Pas toujours exempt de truismes ni de remarques peu spécifiques quant à l’autrice, « Glissement et fonctionnements du langage littéraire » demeure un ouvrage précieux, par la méticulosité de ses recensements stylistiques, par la conviction admirative qui l’anime, et par la volonté manifeste de donner une puissance théorique démultipliée à la pratique langagière de Ken Bugul. Les amatrices et amateurs de ces mers plus ignorées et de ces paysages transversaux y trouveront indéniablement leur bonheur, s’ils savent passer outre aux quelques menues faiblesses rencontrées au fil des pages.

« Cette utilisation de l’oralité n’est pas du tout un jeu décoratif, un moyen de créer une certaine couleur locale.

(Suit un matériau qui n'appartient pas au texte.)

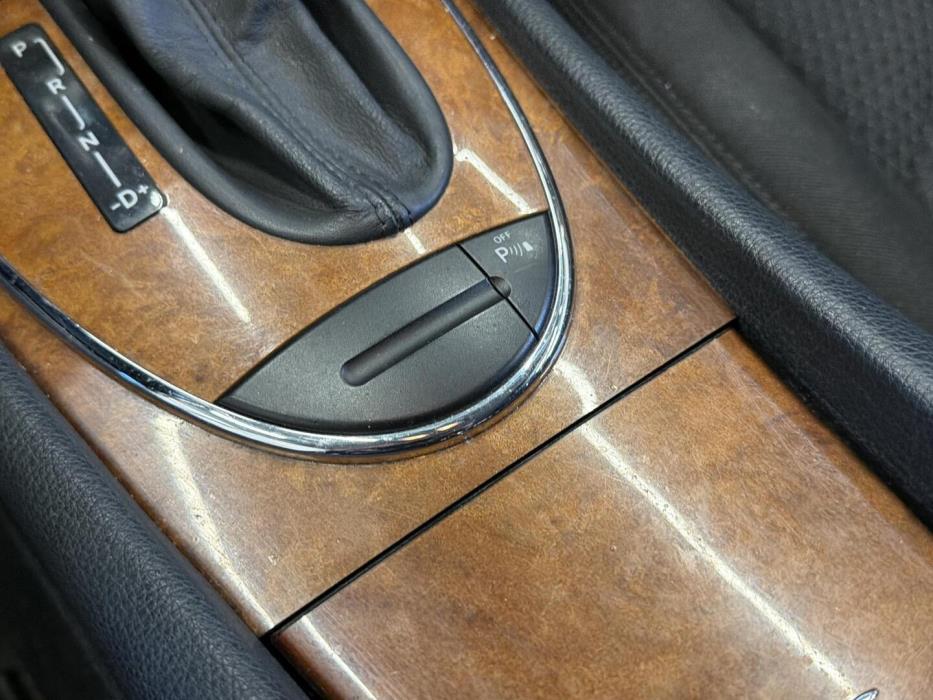 MERCEDES-BENZ E 2006
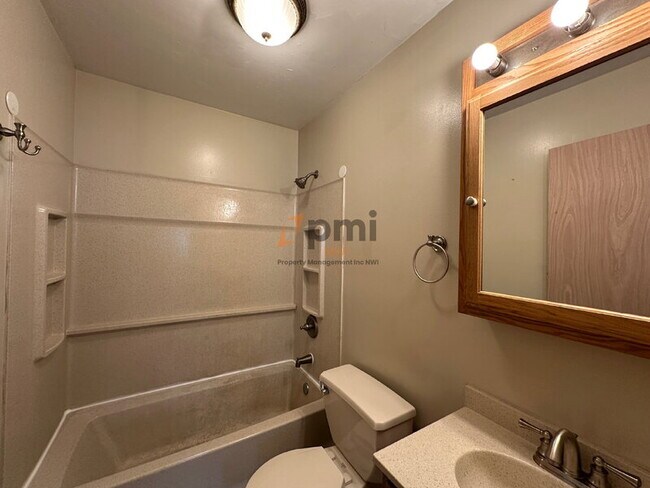 Building Photo - 6850 Van Buren Pl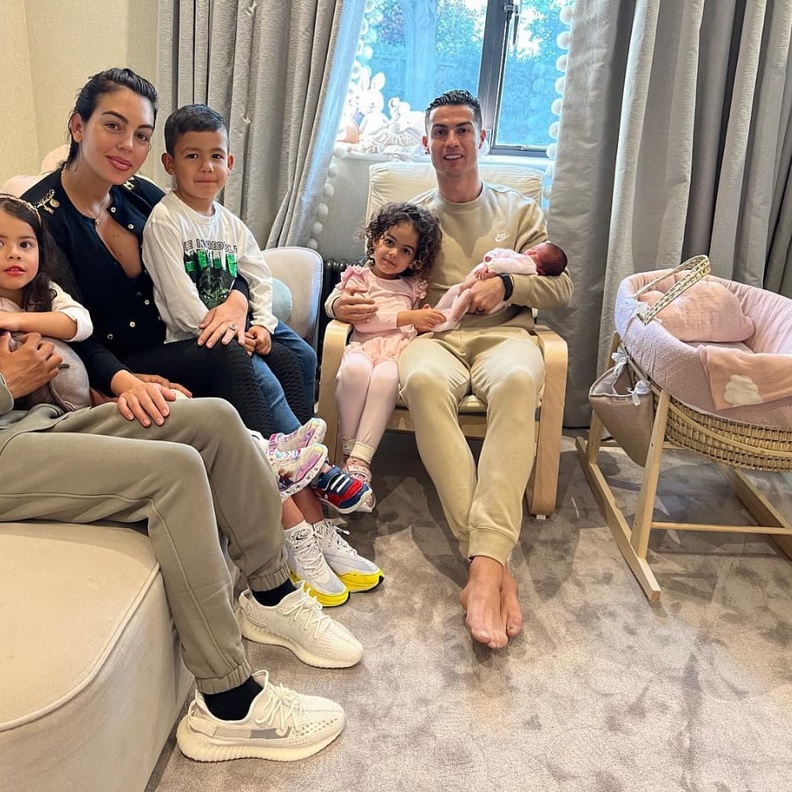 جورجينا رودريجيز وكريستيانو رونالدو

Dans certains cas, elle est une stratégie narrative, un dispositif structurel, comme par exemple dans Le Baobab fou de Ken Bugul. (…) Alors, cette forme de récit peut être considérée comme la reproduction structurelle en littérature d’un élément important d’oralité – à savoir une généalogie – qui situe l’individu dans le temps et dans l’espace et par rapport aux ancêtres ainsi que la communauté actuelle. » (Irène d’Almeida, « Francophone Women Writers: Destroying the Emptiness of Silence », 1994)
Si le chant ou la récitation des généalogies qui est le propre des griots dans certaines sociétés traditionnelles africaines peut aussi être considéré comme une catégorie d’art à part entière, on ne peut qu’alors l’adjoindre aux relents autobiographiques et mythologiques déjà avérés du roman Le Baobab fou. En clair, le lecteur qui perçoit un récit d’assomption de soi de son auteur dans Le Baobab fou doit aussi savoir y déceler d’une part le récit de l’imaginaire du même auteur puis d’autre part sa tâche de griot avant de pouvoir bien rentrer dans l’univers de ce roman. Il n’y a pas une seule catégorie littéraire qui s’illustre dans l’écriture du roman Le Baobab fou. C’est un roman tout simplement parce que c’est le nom commercial que lui a donné la maison d’édition où il a été publié. Le texte qu’il contient ne relève pas d’une écriture limitée à une seule catégorie littéraire ; il s’étend plutôt à plusieurs d’entre elles à la fois.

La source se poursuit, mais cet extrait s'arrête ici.